Aim of the exercise:
Copy, please, the line with "Prodej domu 260 m², pozemek 580 m², Eiselfing, Bavorsko Prodej" and each line that follows it through the end of the data below, exactly as given and without pictures.
Start of Supplied entries
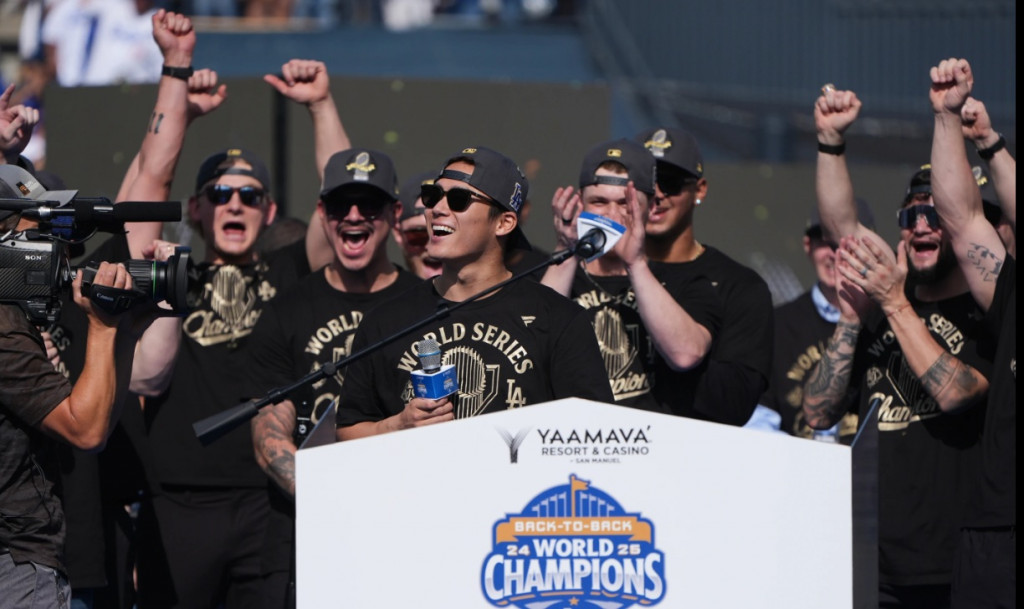 월드시리즈 MVP 요시노부 야마모토가 다저스타디움에서 열린 우승 축하 랠리에서 팬들에게 인사하고 있다.[AP=연합]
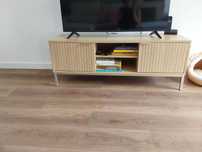Suporte para TV grande de madeira com porta NOVO
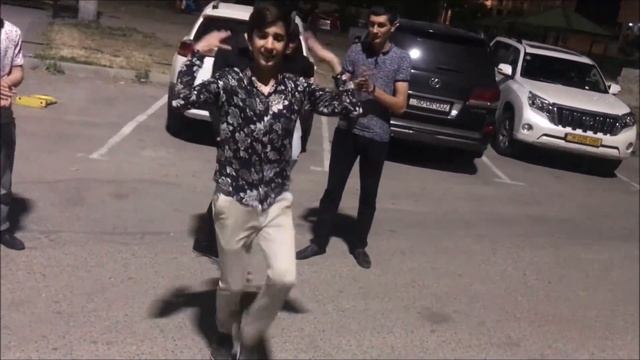 Парни Из Кавказа Танцуют Классно На Улице В Баку 2018 Лезгинка ALISHKA Чеченская Песня Королева Моя смотреть онлайн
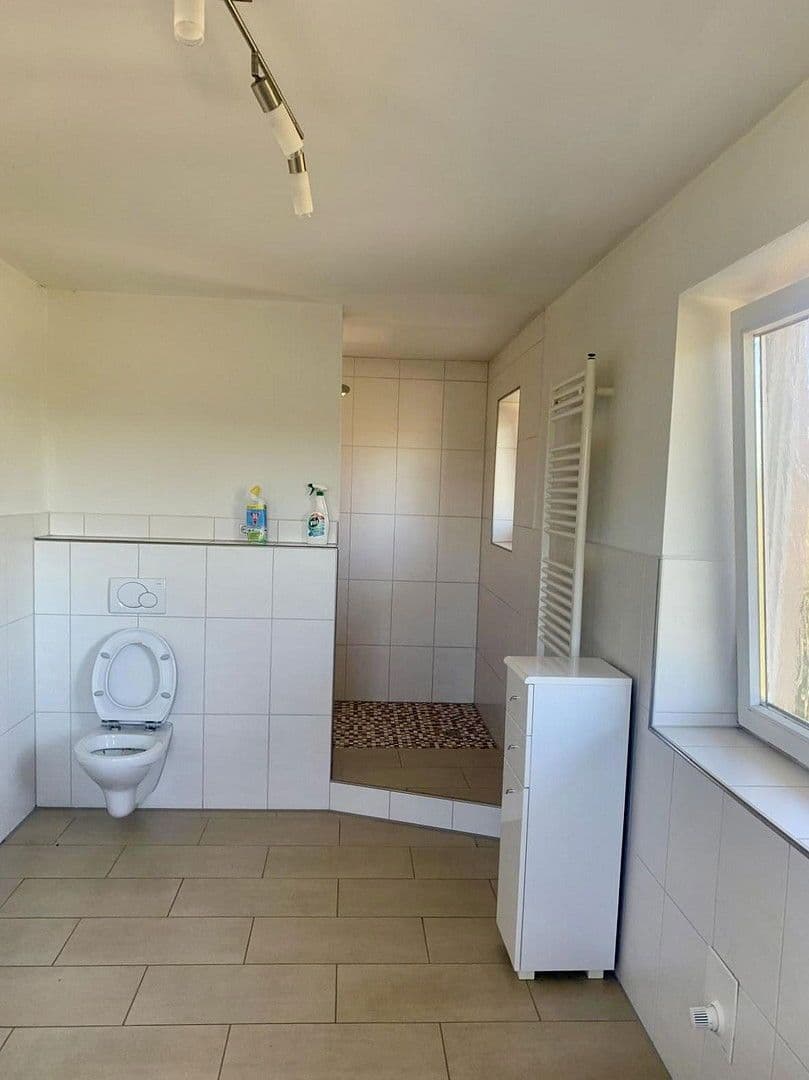 Prodej domu 260 m², pozemek 580 m², Eiselfing, Bavorsko Prodej domu 260 m², pozemek 580 m², Eiselfing, Bavorsko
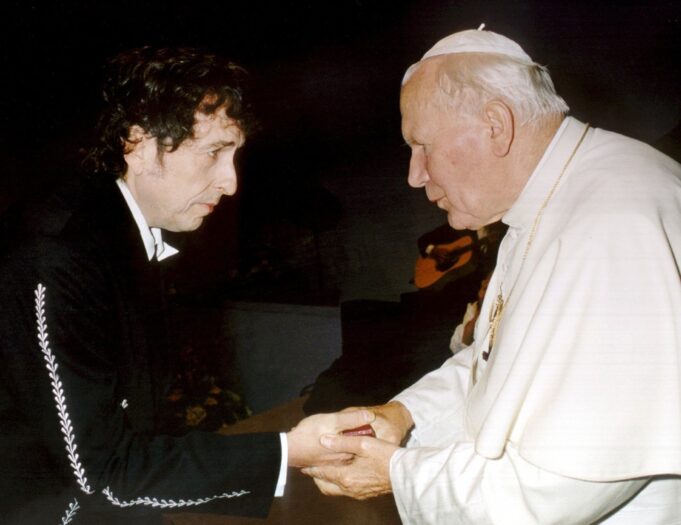 Bob Dylan makes me want to be 80. Or even 85: ‘When you’re young you think that time moves forward’ — Elizabeth Scalia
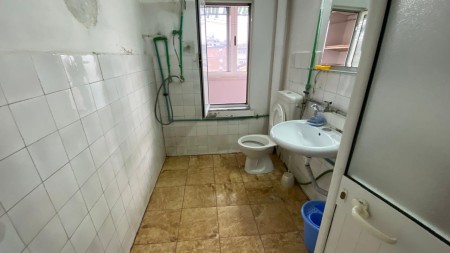 Tek Shkolla 1-Maji Shitet Apartament 2+1 Me Planimetri Te Rregullt!!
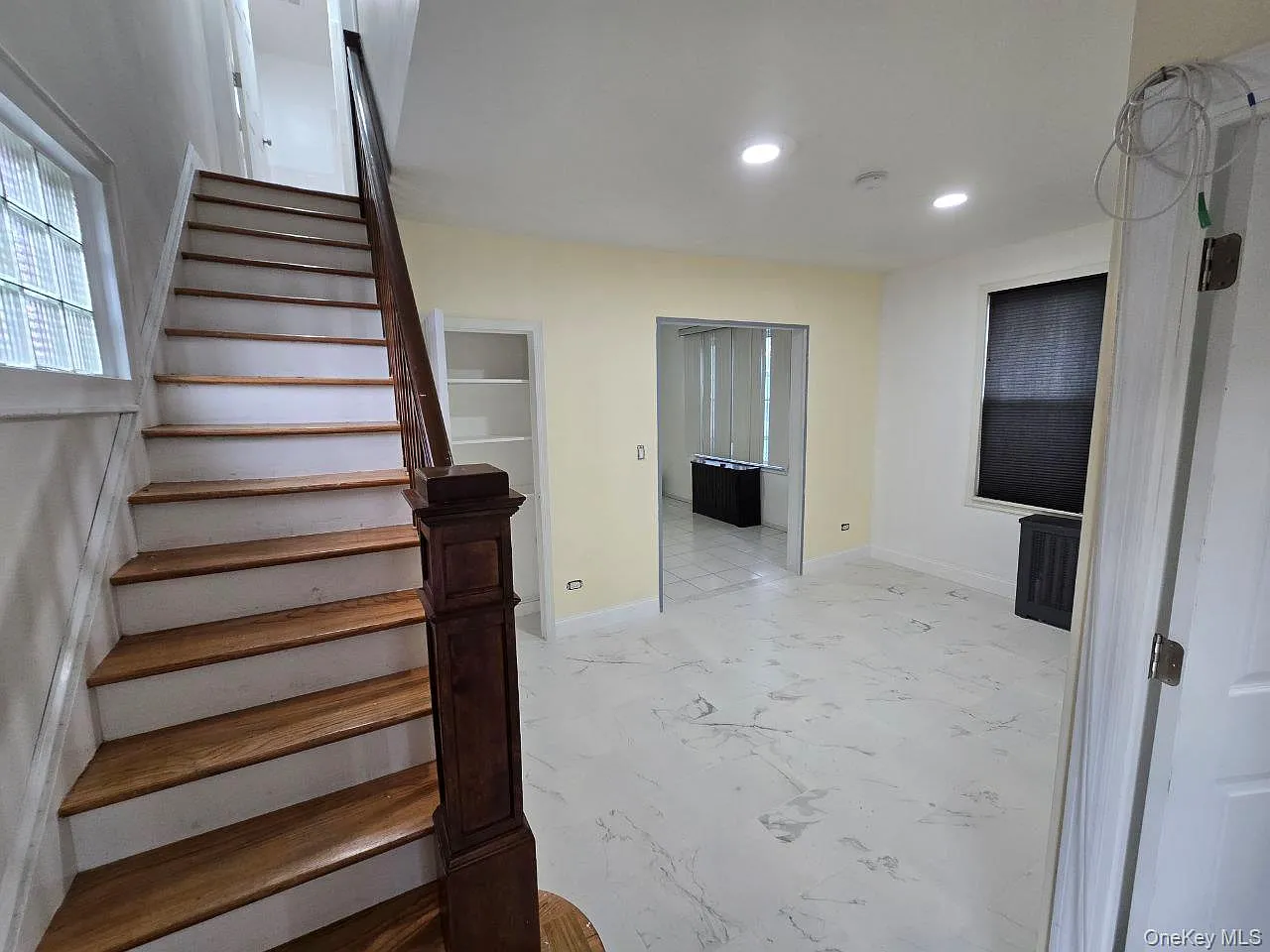 3 bed, 1.5 bath, 1046 sqft, $3,600 — Photo 2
End of Supplied entries
Your solution:
 Prodej domu 260 m², pozemek 580 m², Eiselfing, Bavorsko Prodej domu 260 m², pozemek 580 m², Eiselfing, Bavorsko
 Bob Dylan makes me want to be 80. Or even 85: ‘When you’re young you think that time moves forward’ — Elizabeth Scalia
 Tek Shkolla 1-Maji Shitet Apartament 2+1 Me Planimetri Te Rregullt!!
 3 bed, 1.5 bath, 1046 sqft, $3,600 — Photo 2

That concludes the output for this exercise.